What you will do >>
What is needed is an exact reproduction of the lines in the records below, starting at the line with "And that's all, basically" and ending at the line with "By adding names", both included, and nothing else; pictures stay out.

The input >>

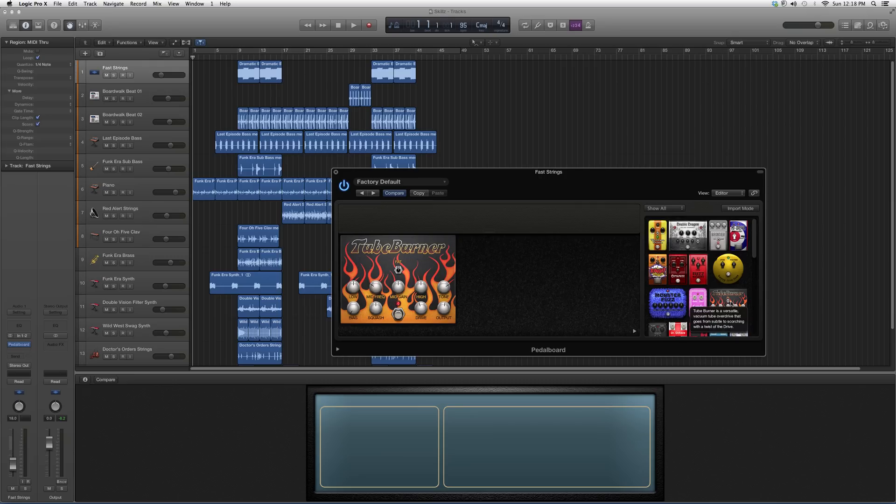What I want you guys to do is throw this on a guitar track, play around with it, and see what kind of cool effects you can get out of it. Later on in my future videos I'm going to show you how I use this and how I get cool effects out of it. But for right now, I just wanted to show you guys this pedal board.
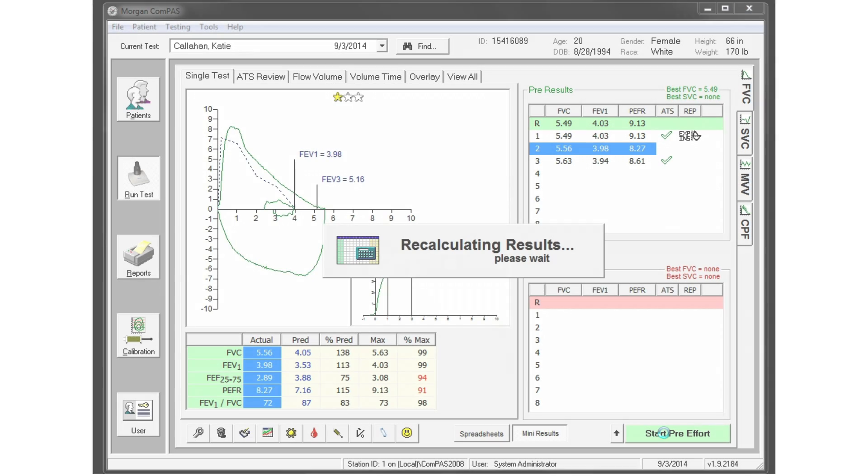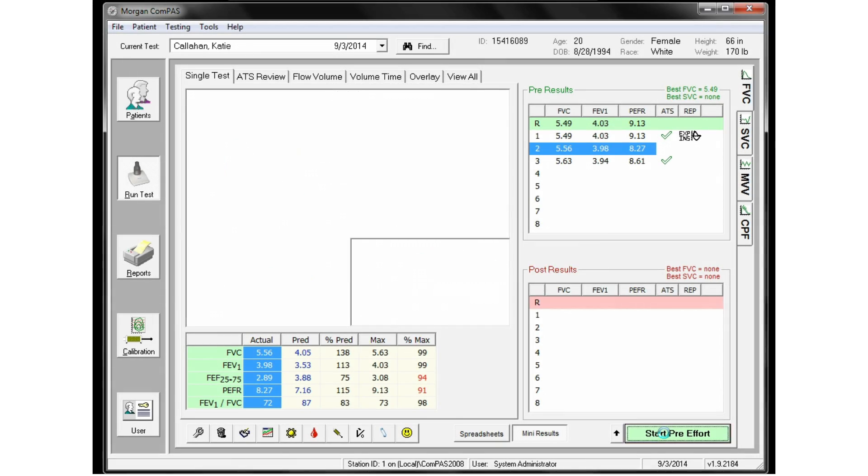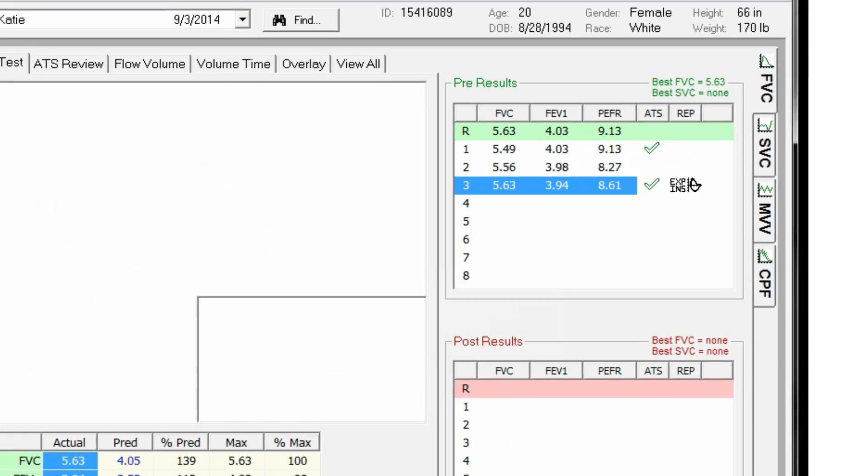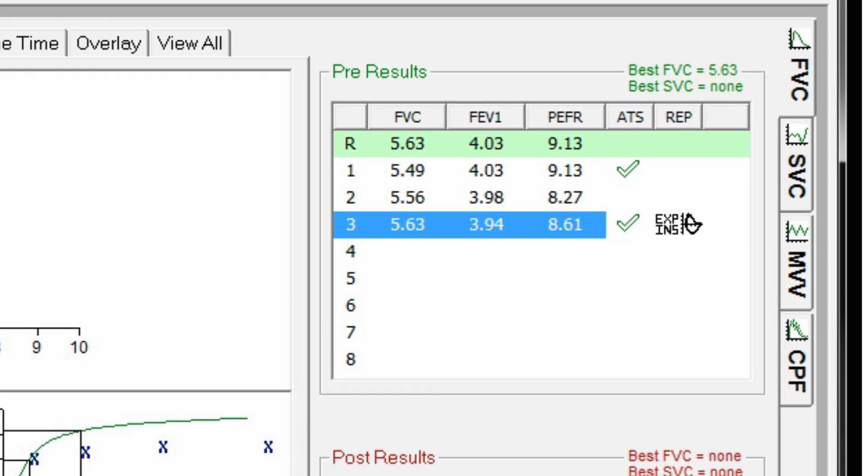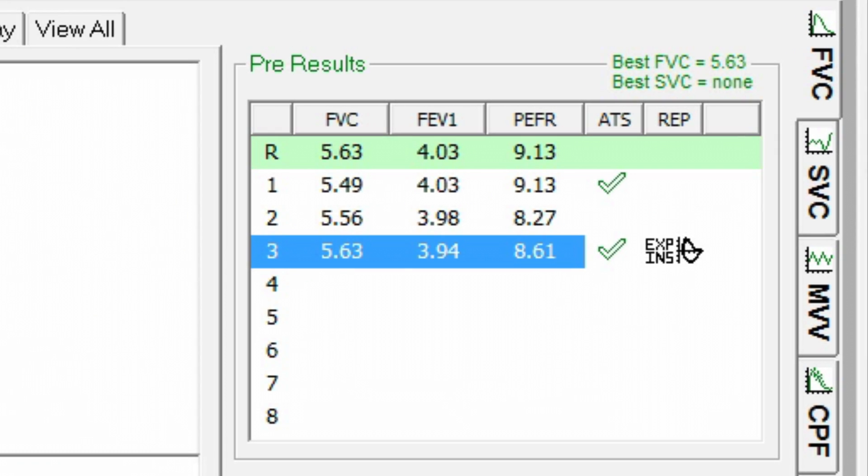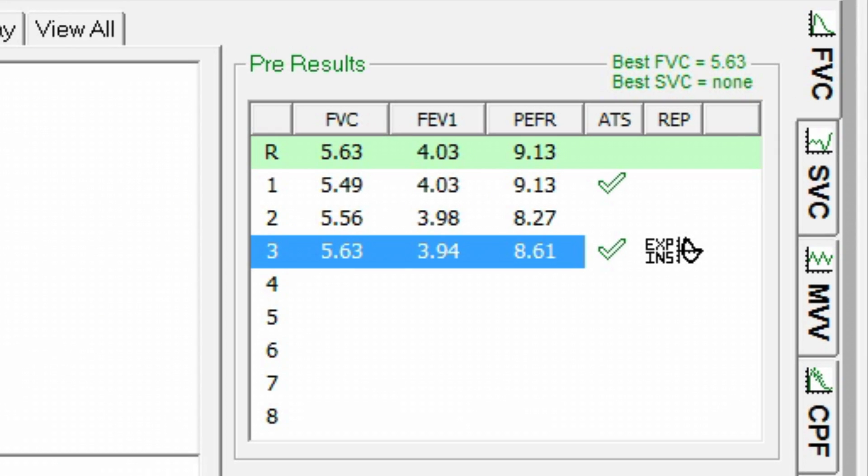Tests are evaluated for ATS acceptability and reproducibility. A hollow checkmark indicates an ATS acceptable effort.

* * *

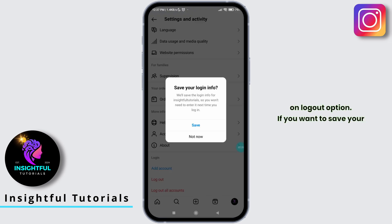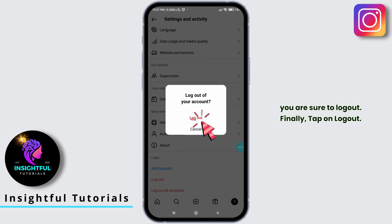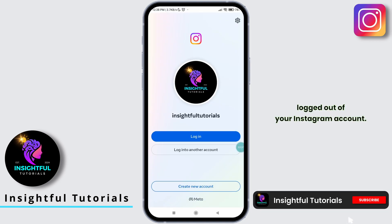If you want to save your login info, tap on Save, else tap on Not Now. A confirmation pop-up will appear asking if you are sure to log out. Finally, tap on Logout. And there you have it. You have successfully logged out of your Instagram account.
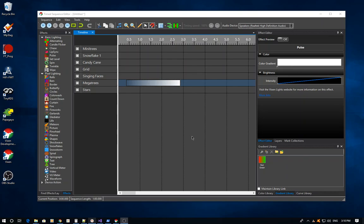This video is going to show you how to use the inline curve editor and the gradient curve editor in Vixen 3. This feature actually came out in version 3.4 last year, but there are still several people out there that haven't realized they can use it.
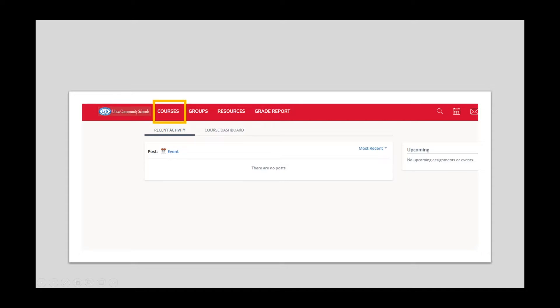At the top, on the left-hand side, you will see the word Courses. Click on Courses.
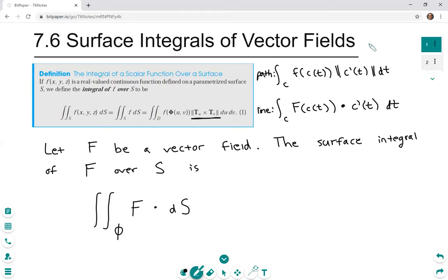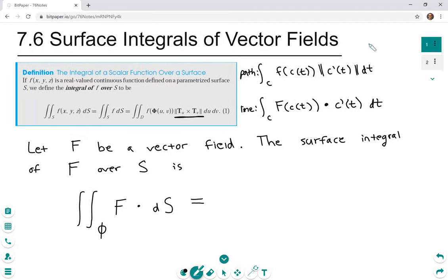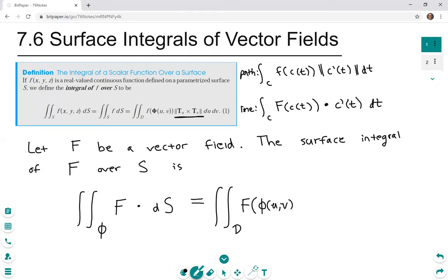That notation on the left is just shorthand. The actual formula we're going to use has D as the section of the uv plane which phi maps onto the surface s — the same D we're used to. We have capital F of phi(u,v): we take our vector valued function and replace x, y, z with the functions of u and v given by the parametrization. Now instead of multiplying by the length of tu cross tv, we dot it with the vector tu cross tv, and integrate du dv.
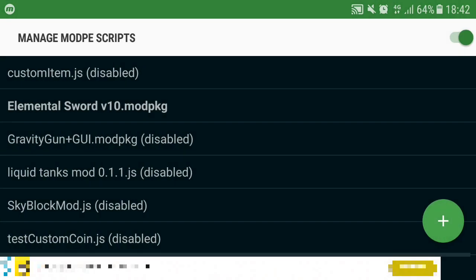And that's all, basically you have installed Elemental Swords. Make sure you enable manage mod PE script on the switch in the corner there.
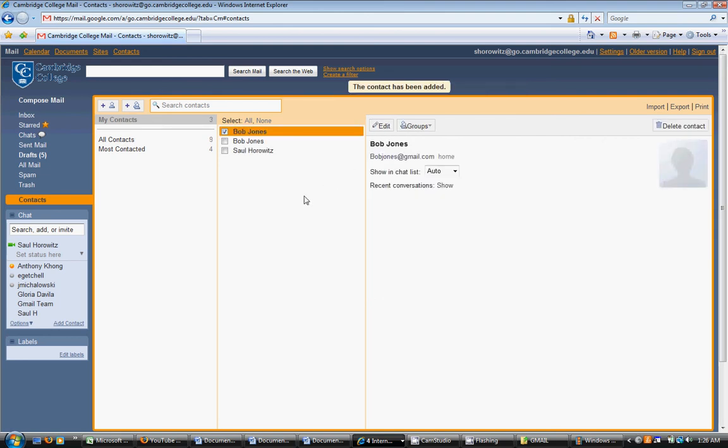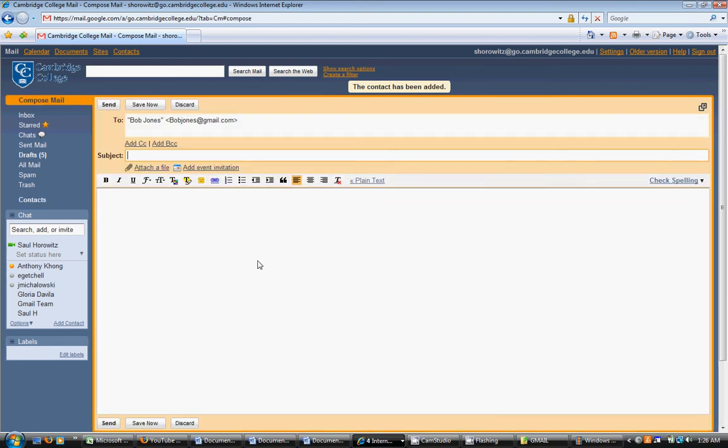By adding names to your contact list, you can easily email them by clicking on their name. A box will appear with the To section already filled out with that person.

Response below >>
And that's all, basically you have installed Elemental Swords. Make sure you enable manage mod PE script on the switch in the corner there.
By adding names to your contact list, you can easily email them by clicking on their name. A box will appear with the To section already filled out with that person.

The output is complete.